- Theatrical poster to The Surrogate Woman
- Hangul: 씨받이
- RR: Ssibaji
- MR: Ssibaji
- Directed by: Im Kwon-taek
- Produced by: Jeong Do-hwan
- Starring: Kang Soo-yeon Lee Gu-sun Yun Yang-ha
- Cinematography: Ku Jung-mo
- Edited by: Park Sun-duk
- Music by: Shin Pyong-ha
- Distributed by: Shin Han Films
- Release date: 21 March 1987;
- Running time: 100 minutes
- Country: South Korea
- Language: Korean
- Box office: $2,034

= The Surrogate Woman =

The Surrogate Woman (also known as The Surrogate Womb or The Surrogate Mother) is a 1986 film directed by Im Kwon-taek, dealing with the love affair between a rich aristocrat and a poor servant during the Joseon period.
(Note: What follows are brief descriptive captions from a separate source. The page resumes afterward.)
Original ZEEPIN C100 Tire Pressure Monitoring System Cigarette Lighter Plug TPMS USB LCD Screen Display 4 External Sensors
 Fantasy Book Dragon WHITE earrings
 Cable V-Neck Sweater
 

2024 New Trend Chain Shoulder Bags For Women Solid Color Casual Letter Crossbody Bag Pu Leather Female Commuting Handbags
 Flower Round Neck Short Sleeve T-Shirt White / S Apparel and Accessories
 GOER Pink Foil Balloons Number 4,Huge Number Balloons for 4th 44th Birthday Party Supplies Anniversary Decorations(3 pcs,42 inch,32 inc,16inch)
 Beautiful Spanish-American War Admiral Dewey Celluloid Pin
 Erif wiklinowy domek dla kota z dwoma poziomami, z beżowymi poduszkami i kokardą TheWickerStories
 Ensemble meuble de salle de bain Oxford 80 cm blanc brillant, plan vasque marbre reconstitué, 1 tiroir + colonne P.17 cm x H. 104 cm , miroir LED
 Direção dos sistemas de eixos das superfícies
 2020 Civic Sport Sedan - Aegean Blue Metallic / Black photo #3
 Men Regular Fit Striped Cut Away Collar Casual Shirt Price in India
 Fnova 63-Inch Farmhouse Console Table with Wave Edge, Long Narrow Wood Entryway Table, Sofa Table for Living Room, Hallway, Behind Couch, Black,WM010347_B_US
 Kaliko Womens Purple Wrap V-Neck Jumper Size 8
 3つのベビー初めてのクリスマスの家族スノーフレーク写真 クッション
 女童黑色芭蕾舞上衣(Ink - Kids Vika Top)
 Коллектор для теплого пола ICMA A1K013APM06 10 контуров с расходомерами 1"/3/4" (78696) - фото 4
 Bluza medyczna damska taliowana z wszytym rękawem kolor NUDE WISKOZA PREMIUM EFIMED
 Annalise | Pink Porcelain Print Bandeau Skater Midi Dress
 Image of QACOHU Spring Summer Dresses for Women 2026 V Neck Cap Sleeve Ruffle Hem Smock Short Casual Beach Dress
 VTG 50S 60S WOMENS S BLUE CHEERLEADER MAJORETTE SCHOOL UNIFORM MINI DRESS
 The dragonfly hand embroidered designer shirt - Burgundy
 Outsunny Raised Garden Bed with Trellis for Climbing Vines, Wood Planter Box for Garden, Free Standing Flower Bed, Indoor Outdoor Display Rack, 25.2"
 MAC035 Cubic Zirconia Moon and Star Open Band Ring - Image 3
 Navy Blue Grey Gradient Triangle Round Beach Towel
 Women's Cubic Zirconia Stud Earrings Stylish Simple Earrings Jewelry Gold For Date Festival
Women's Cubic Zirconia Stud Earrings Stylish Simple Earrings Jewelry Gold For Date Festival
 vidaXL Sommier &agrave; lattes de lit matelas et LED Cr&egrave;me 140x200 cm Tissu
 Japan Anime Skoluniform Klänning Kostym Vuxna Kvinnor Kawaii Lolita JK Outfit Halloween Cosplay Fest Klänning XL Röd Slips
The film won multiple accolades at the 1987 Asian Film Festival, including Best Film, Best Director, Best Actress, and Best Supporting Actress. Lead actress Kang Soo-yeon was widely acclaimed in her role as the surrogate mother, for which she won Best Actress at the 1987 Venice Film Festival. The film also became a major box office hit in Taiwan when it was released in early 1988, arguably the first ever Korean cultural export in the island prior to the 1990s Hallyu explosion.

==Plot==
Shin, a nobleman, has been trying to conceive a male heir to continue his family name. Unable to provide a male heir, Shin's wife gives her husband permission to search for a surrogate wife to bear a male heir. On the way to finding a surrogate wife, Shin runs into a 17-year-old girl, Ok-nyo (Kang Soo-yeon). She is a poor, but feisty, girl who states that she will do anything for money. The stubborn nature of Ok-nyo attracts Shin and influences him to choose her to become the mother of his child. Ok-nyo holds the social status of a servant, but the relationship changes both of them through the course of the movie. Ok-nyo has to obey rules which keep her hidden during the day and delegates her to perform the mating ritual during Shin’s wife's hours of choosing. No matter what is happening, Ok-nyo can not leave the building in which she is housed. With Shin's infatuation and Ok-nyo's attachment, both secretly meet for passionate affairs. Unfortunately both eventually get caught, which causes their separation. Ok-nyo's mother tries to dissuade her, and to break off the relationship, by telling her the realities of life. Even though both are punished for the infraction, they still continue to meet. Eventually Ok-nyo conceives an heir for Shin, but is burdened with not knowing whether Shin will stay by her side or leave with her child forever.

==Remake==
The film inspired 1989 Malayalam film Dasharatham.